While it is said that the silk production has a quite low water footprint and is biodegradable, sustainability is still an issue. In order to cultivate enough mulberry trees, which are the main and often only food source of silkworms, pesticides and chemical fertilizers are used. However, some argue that mulberry trees reduce salinity and help counter erosion through wind and water. 

What about the people?

Unfortunately, not only animals are being harmed in the process of making silk. The silk industry in India has been especially known for child labour in the past. A lot of the women working at silk factories bring their children to work once they’re old enough as that is how they started working in those factories in the past.

New reports found that major manufacturing countries including China and India have not improved in Verisk Maplecroft’s – a risk consultancy – annual Child Labour Index in the past few years. As consumers, we should keep the working conditions in the countries of silk production in mind when purchasing conventional silk.

What alternatives are there to conventional silk?

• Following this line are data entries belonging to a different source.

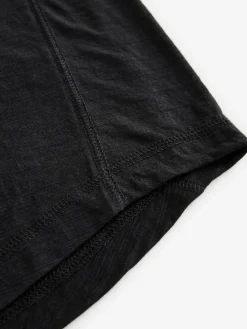 New Next Active Crew Neck Lightweight Short Sleeve T-Shirt Black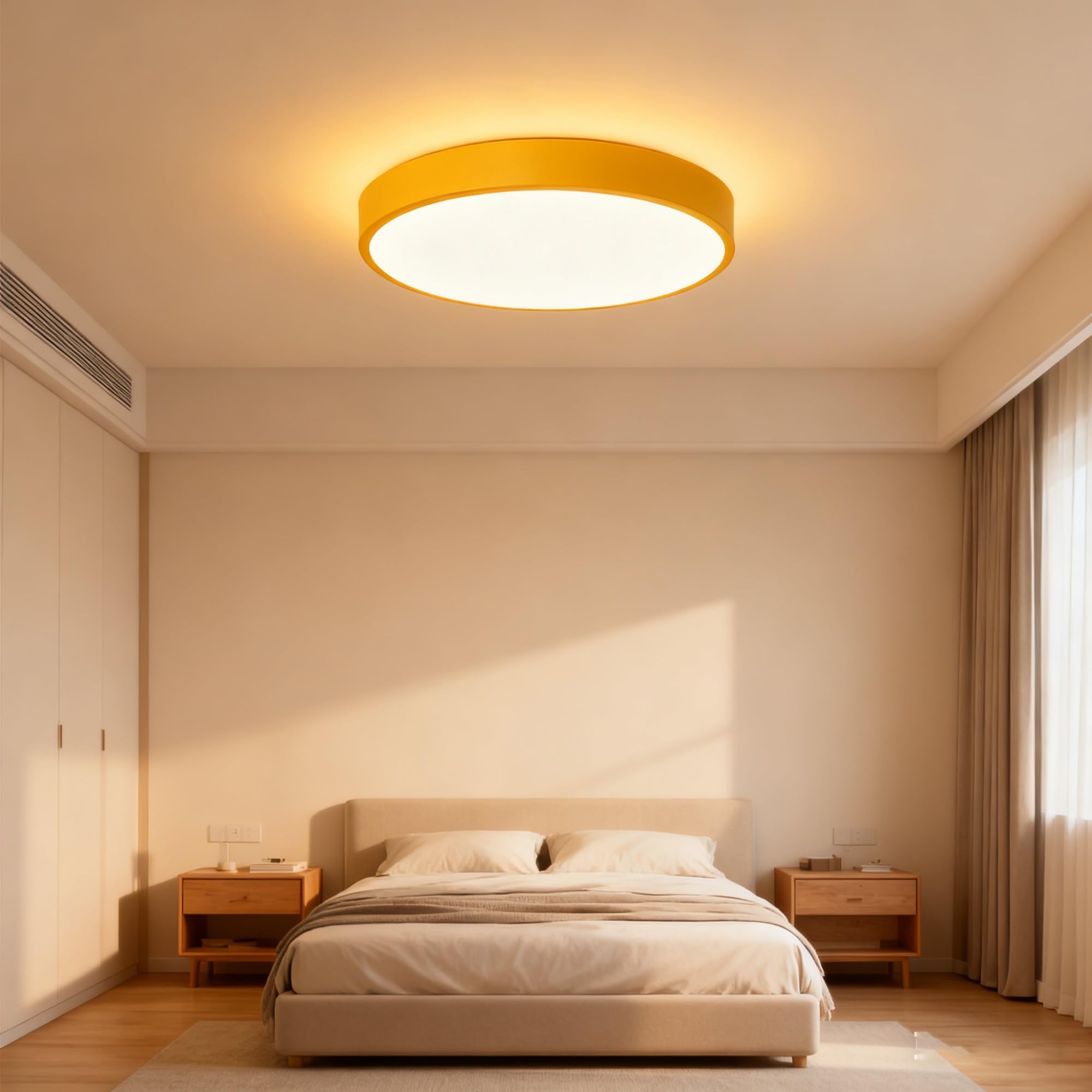 Cienkie Lampy Sufitowe LED, 3 Temperatury Barwowe, Kolorowe, Wodoodporne Oświetlenie Panelowe Do Salonu, Kuchni, Sypialni, Korytarza, Toalety I Garderoby(Yellow,50cm/20in)
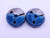 3/8 16 UNC 3A THREAD RING GAGES .375 .3750 GO NO GO P.D.'S = .3344 & .3311 CHECK - 38163AR1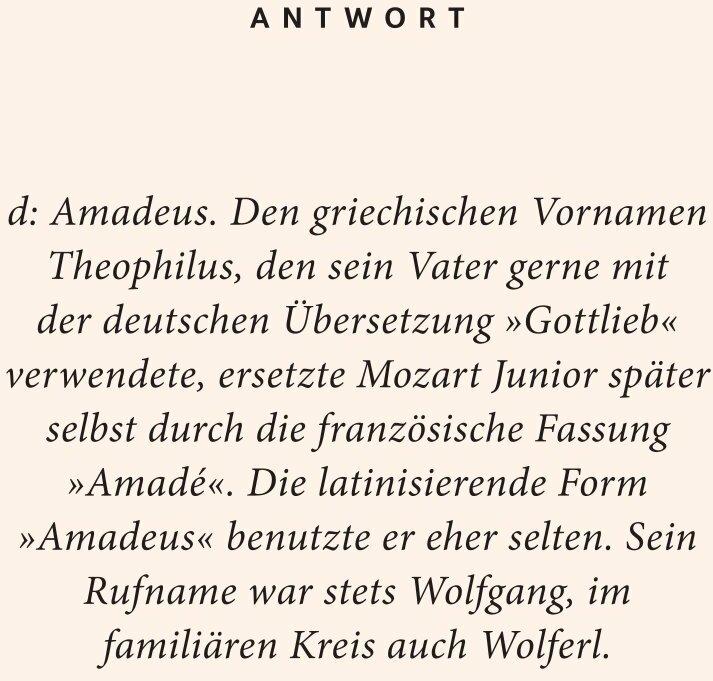 Produktbild Palmer:Mozart-Quiz (Deutsch)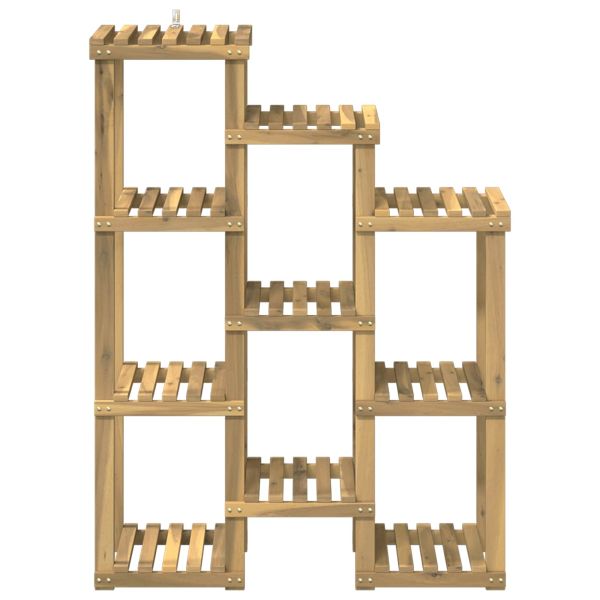 Стойка за растения Бяло 85 x 30 x 114,5 см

In the past decades alternatives to conventional silk have emerged to specifically counter the violent production of the fibre and better the working and environmental conditions. There are three alternative forms of silk: Organic, Fair Trade and Ahimsa/Peace silk.

Organic silk is usually processed and produced similarly to conventional silk. The main difference, though, is that less chemicals and chemical dyes are being used during the production. Sometimes an additional difference might be that the silkworms can continue their lifecycle and die naturally. However, there are no general standards concerning organic silk, meaning that the term has no single meaning. Sometimes the term organic only refers to the mulberry tree leaves being organic, the use of natural dyes and a more sustainable approach when it comes to composting. 

Fair Trade silk may sound like the silkworms get treated in a fair way, however, the fair trade stamp is only given to suppliers, manufacturers and brands who treat the workers fairly. The mulberry silkworms still die during the process of sourcing the silk threat. 

This is where so called peace silk comes into play. Peace silk is a type of silk that does not include the death of the silkworms while sourcing and producing the fibre. It was first introduced by Kusuma Rajaiah who wanted to create a non-violent silk influenced by Gandhi’s philosophy. The moth gets to hatch out of its cocoon and is being kept alive after. Due to this method damaging the cocoon the silk fibres have to be spun instead of being reeled l resulting in a softer silk fabric. Therefore, the production of peace silk – also called ahimsa silk – is more labour intensive Due to a higher labour intensity and a longer production process peace silk is often way more expensive. 

So should we still buy silk? 

It has become clear that silk can often not be considered cruelty free and particular standards  largely missing. At the end of the day, animals are being exploited and  often humans, too. While silk is a beautiful fibre creating a sense of luxury and comfort for us, we should not forget the discomfort of others. That does not mean that we have to stop buying silk completely – we just need to be conscious when we do! We advise to look for GOTS certificates or other official certificates to ensure that the animals and workers that are involved in the production of your silk pieces are treated in a fair way. We have said this before and will continue to do so but balance is the first step. Be conscious when you buy silk. Make sure that if you do purchase a silk piece it is something that will bring you joy for a really long time.